O caminho tortuoso de Arai para encontrar o Buda começou em Kalamazoo, uma “faculdade centrada no cristianismo”, onde seu principal interesse passou a ser a Ética . Vindo de uma igreja “muito ativista culturalmente, muito preocupada com questões sociais”, a faculdade era maravilhosa pelas amizades, mas inquietante pela prática do “Cristianismo” entre os integrantes do grupo “Christian Fellowship” no campus. Num mundo tão complexo e diverso como o actual, manter a posição “isto é certo aquilo é errado” era perturbador. Arai começou a fazer muitas perguntas, o que deixou as pessoas bastante desconfortáveis;

“...eles queriam garantir que eu não perderia minha fé...não me desviaria ... ou acabaria no inferno. Então eu disse a mim mesmo: “Bem, se este é um Deus que não é forte o suficiente para lidar com as questões de uma simples universitária, talvez não seja o Deus para mim”.
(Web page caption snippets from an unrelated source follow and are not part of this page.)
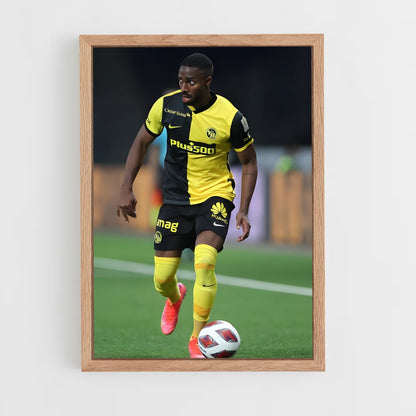 ap-bsc young boys-5 cadre Bois clair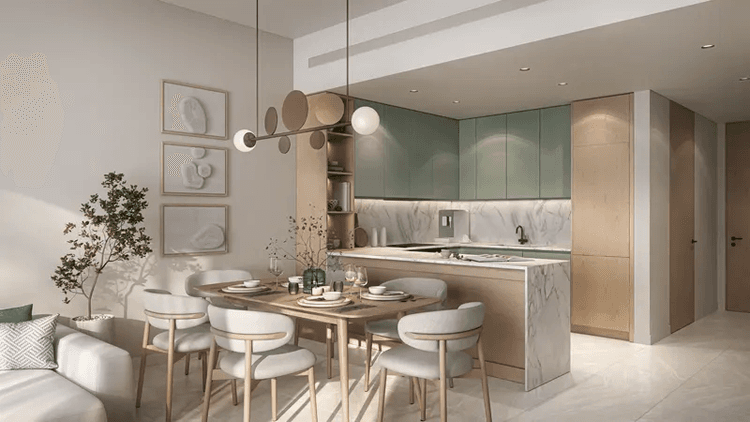 Property View 7
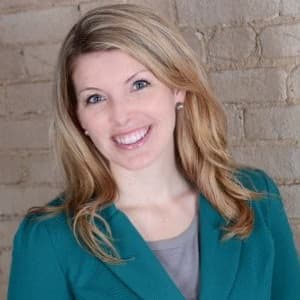 Profile photo of Charlotte, Chemistry tutor at Wiingy 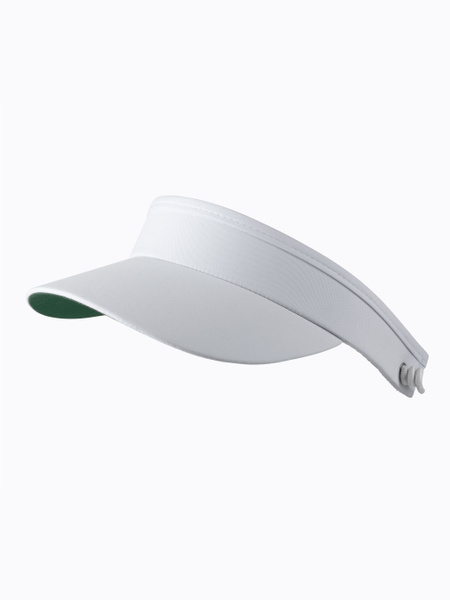Marina Visor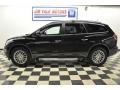Carbon Black Metallic - Enclave FWD Photo No. 7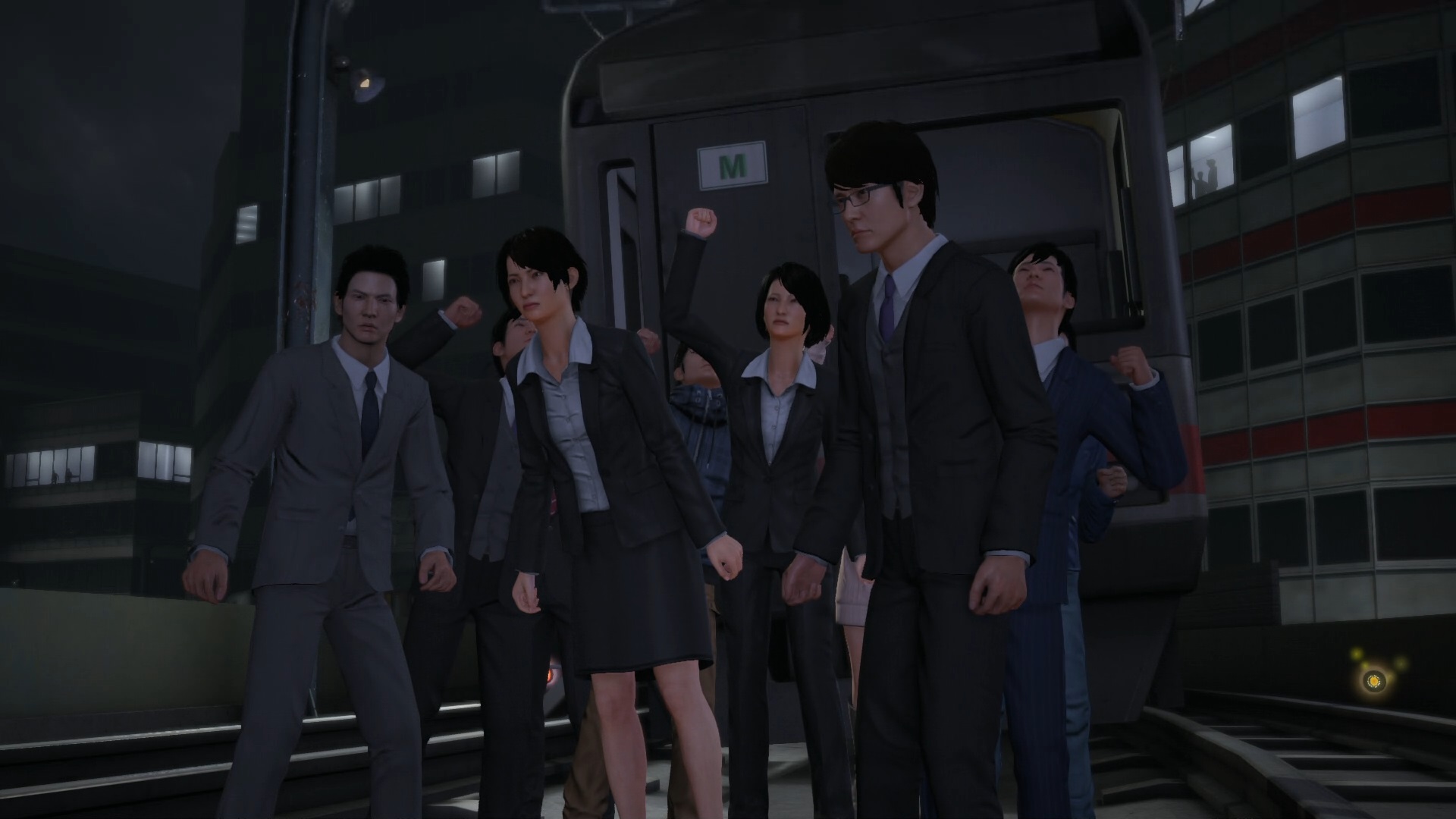 クリックで拡大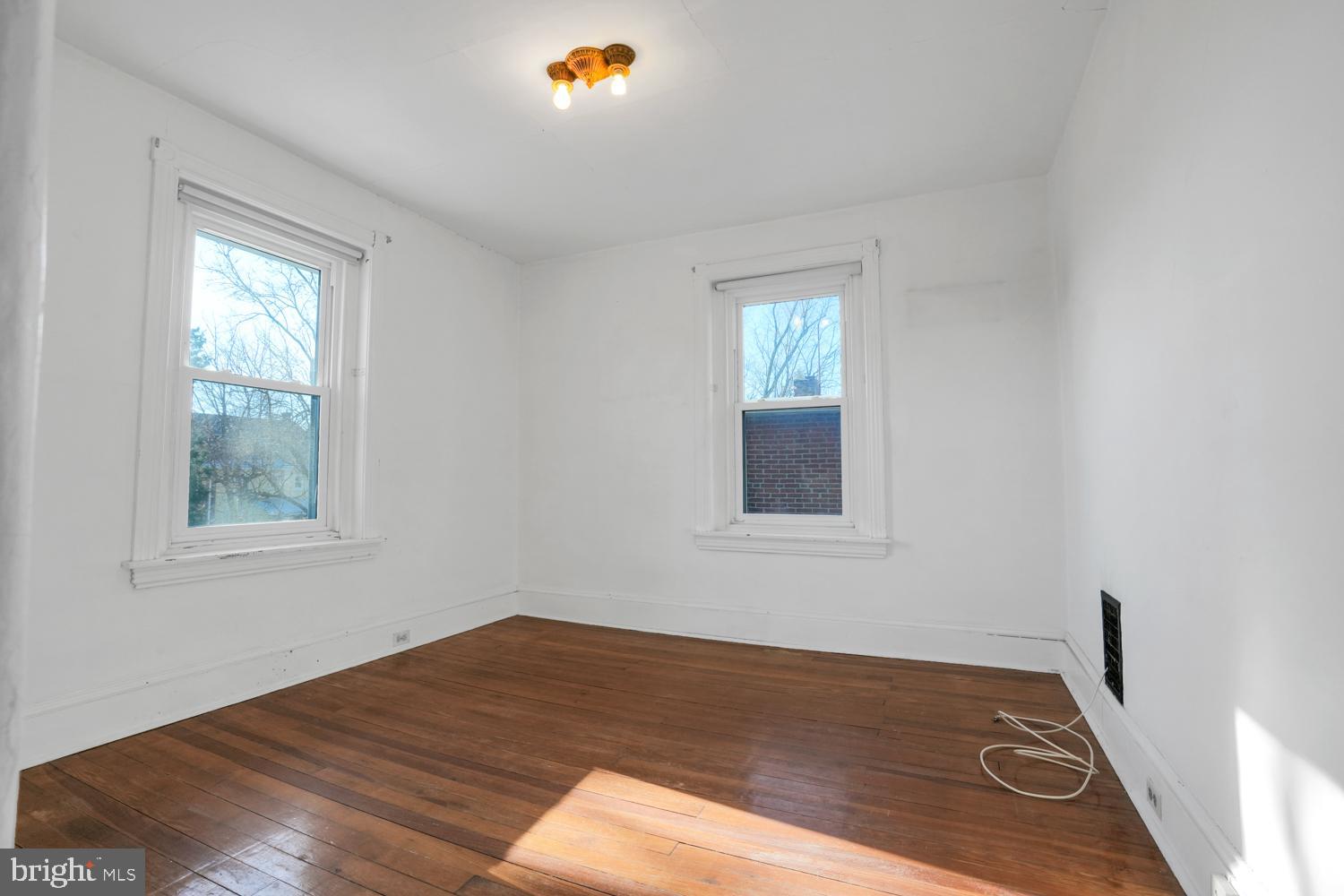 ARDMORE - Residential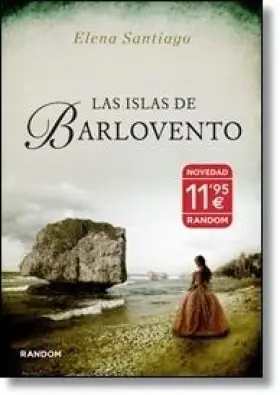 Imagen del producto 9788415725145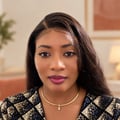 Dr. Amara Ejime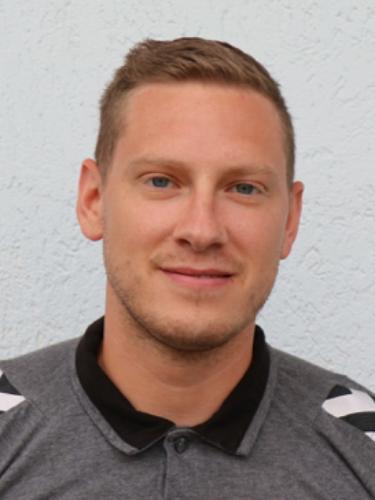 Avatar Bild für Christoph Höppler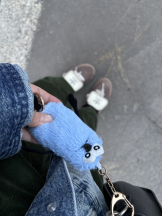 サッポロ ガーデン - ゆかの女の子ブログ画像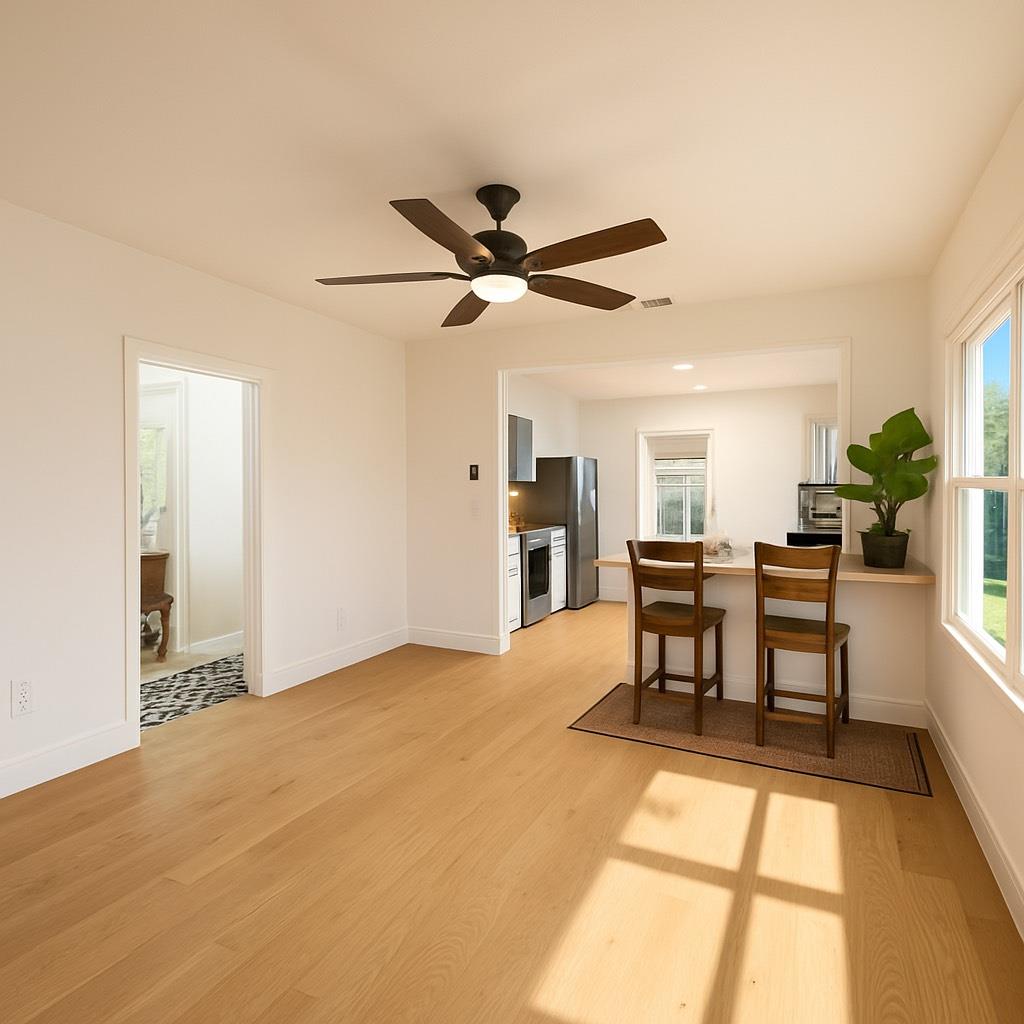 8627 12th St, San Joaquin, CA 93660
Inicialmente, ela procurou um místico cristão tentando encontrar conforto; então ela encontrou os escritos de Whitehead 1 e achou esclarecedores seus pontos de vista sobre espiritualidade, religião e metafísica de processos. Mas, como relatado anteriormente, ela ficou muito interessada no budismo quando ingressou na Universidade Waseda, em Tóquio, durante o ano obrigatório de estudos no exterior.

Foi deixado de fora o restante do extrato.